Wireshark is a widely used network analyzer that can capture network traffic, save the captured packets (*.pcap) for later analysis and most importantly helps with analyzing such packet traces. Wireshark supports many protocols, which means it is able to assign meaning to bytes (dissect in the wireshark nomenclature) and display it accordingly. In some cases as in the TCP dissector, Wireshark even builds some state to provide expert information, for instance to identify TCP retransmissions. So far, Wireshark supported stateless dissection of MPTCP, i.e., it could dissect MPTCP options correctly, without being able to identify Multipath TCP connections.

Since November 2015 and the following patch (i.e., starting from Wireshark >= 2.1), Wireshark now considers MPTCP as a separate protocol, and builds states for MPTCP as well, thus mimicking TCP dissection.

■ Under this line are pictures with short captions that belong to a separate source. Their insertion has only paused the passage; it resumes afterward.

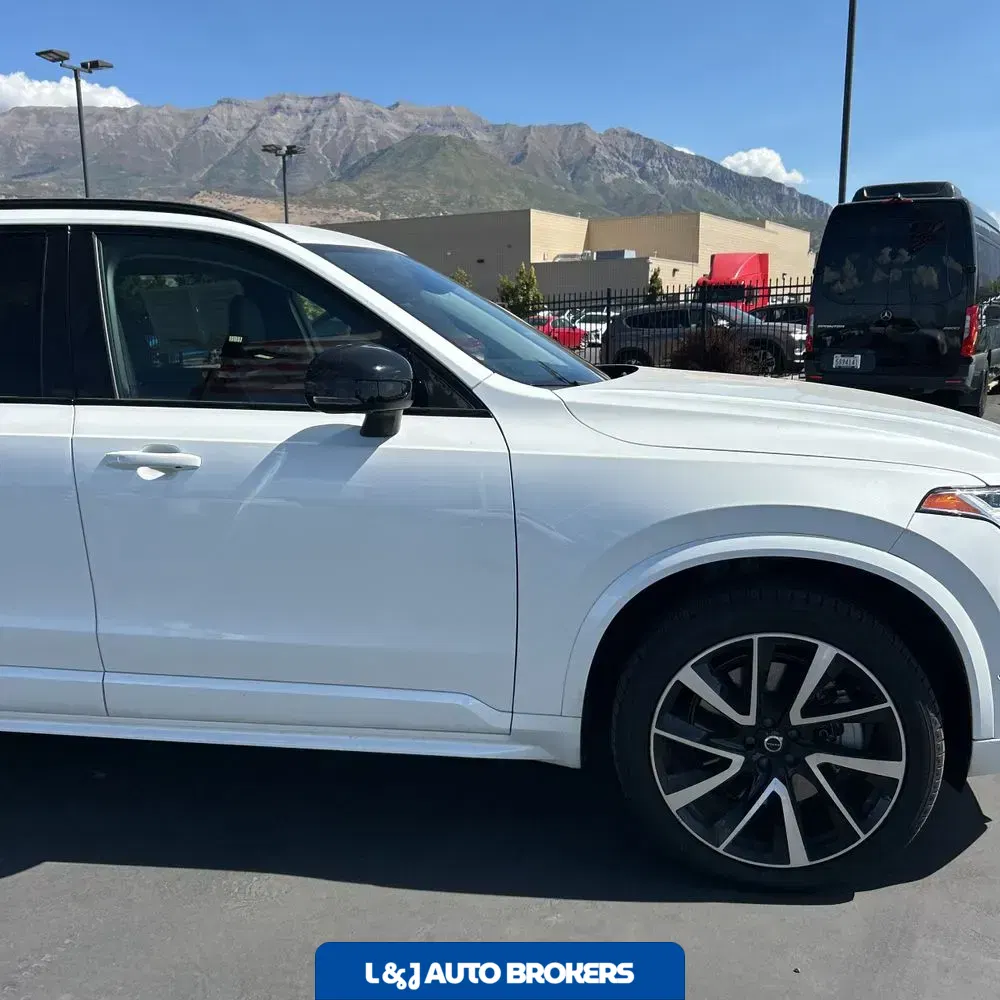 2023 Volvo XC90 T8 - Plus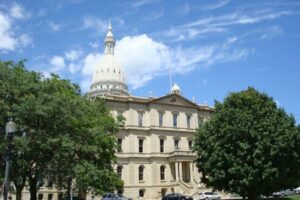 全米の9つの州議会に対し爆破予告、避難命令が発せられる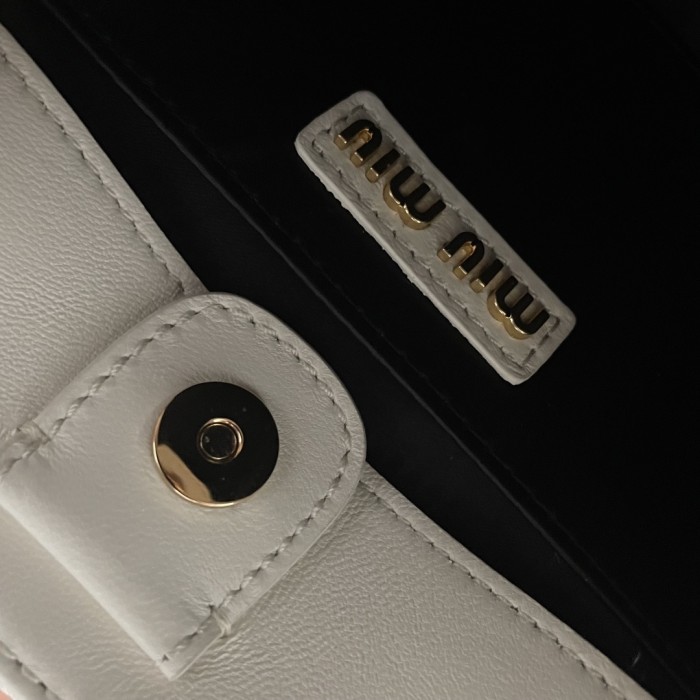 Matelassé Nappa Leather Handle Bag“20*16*11CM”-0501=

../../../_images/dissection.png

This means Wireshark is now able to (providing the matching features are enabled):

  • map TCP subflows (tcp.stream) to MPTCP connections (mptcp.stream, see also mptcp.analysis.subflows).
  • List MPTCP connections
../../../_images/conversations.png
  • identify the master subflows (*mptcp.master == 1*)
  • check for mistmatched key/tokens and key/initial sequence data number (ISN)
  • etc… start filtering packets with *mptcp.* and wireshark autocompletion should show the different possibilities

Full MPTCP dissection can be quite CPU-consuming, thus some options are disabled by default and can be enabled through the menu Edit -> Preferences -> Protocols -> MPTCP.

../../../_images/options.png
  • Display relative MPTCP sequence numbers substracts the ISN to Data Sequence Numbers. This works only if the initial packets with the keys (3 way handshake) are captured and the wireshark option tcp relative sequence numbers is enabled.
  • In depth analysis of data sequence signal (DSS) mappings tells wireshark to look for the packets which sent the DSS mappings that cover the current packet; wireshark then displays a clickable item that brings you to the packet. This feature enables the creation of interval trees (introduced especially for this feature), which should consume quite a bit of memory/CPU so use with care !
  • Check for data duplication across subflows is a feature that was intended to help detect opportunistic reinjections or redundant schedulers but this is mostly experimental so use with care.